If you have a big/popular enough service you should have this even if you don't allow users to have custom callback URLs — eventually somebody will attempt to make a million requests against a resource-intensive (for you) API endpoint, and you really should have protection in place.
That is — you don't have to thoroughly try to detect "malicious" URLs — just have logic in place that would cut off access if a single account makes X requests within Y minutes (add more complex logic as needed).
——
Of course you should also:
- run webhooks asynchronously (in the background) so your API speed does not depend on a 3rd party.
- run basic checks that prevent infinite redirect loops, and (for example) blacklist your own domain (make sure to check the blacklist for each redirect target separetely).
These concerns are all very valid and we've had to consider them when writing the PubSubHubbub spec. We 'solved' most of them by having a verification step which involves executing the webhook and expecting a specific answer from it. Basically when a new hook is added, it's called with a GET request and an additional 'hub.challenge' param. The webhook then MUST respond with a 200 and echo the hub.challenge in the body.
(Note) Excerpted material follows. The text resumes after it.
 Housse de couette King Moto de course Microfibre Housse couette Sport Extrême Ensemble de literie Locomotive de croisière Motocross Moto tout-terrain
Generally, I would recommand looking at PubSubHubbub when implementing a webhooks "API", because that's what it is :) Initially it was designed for RSS/Atom but now works with any type of resources, including JSON. It also provides mechanisms for secure delivery (using secret and HMAC signatures).
Bringing this down from comment because it's important.
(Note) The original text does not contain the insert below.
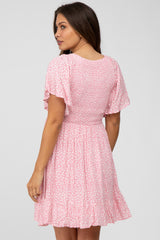 Light Pink Floral Print Smocked V-Neck Maternity Dress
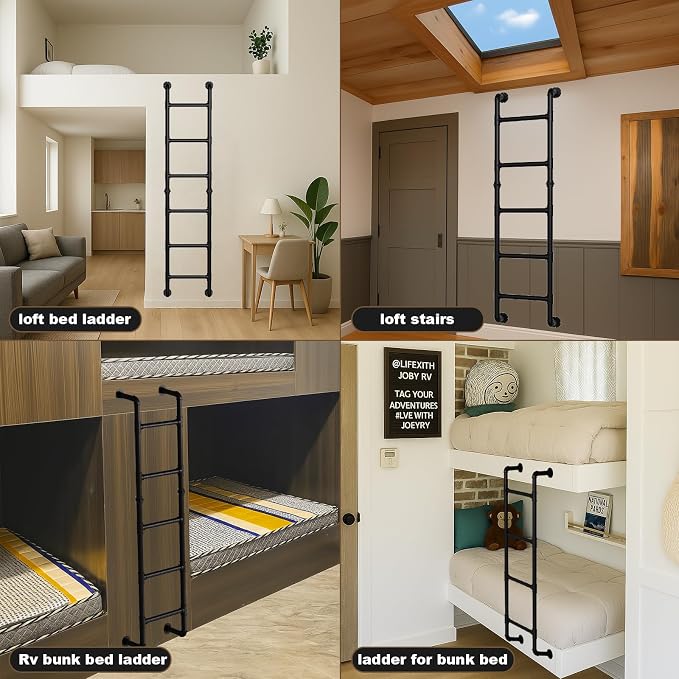 Black 4-Step Wall Mounted Steel Ladder, 4FT Egress Window Well Loft Ladder for Bedroom, Bunk Bed, Camper, Dorm – Wall/Floor-Mounted Indoor Climb Step for Small Space, Blanket Rack, Basement, Gym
A concern to address as well is internal targets. For example, an attacker could pass an address that is internal to your network that would normally be firewalled off and/or hidden behind NAT. The implications of this vary wildly based on your application.
Consider also the possibility of accessing infrastructure resources like AWS S3 buckets, Dynamo DB databases, or SQS queues. Depending on your configuration, you could be allowing arbitrary writes to these resources. Depending on your setup, it may be possible for an attacker to read/write data to/from one of these services, and then have that data exfiltrated via regenerative webhook (trigger another webhook that would echo this data) back to his/her own server!
This is something to consider when validating webhook URLs.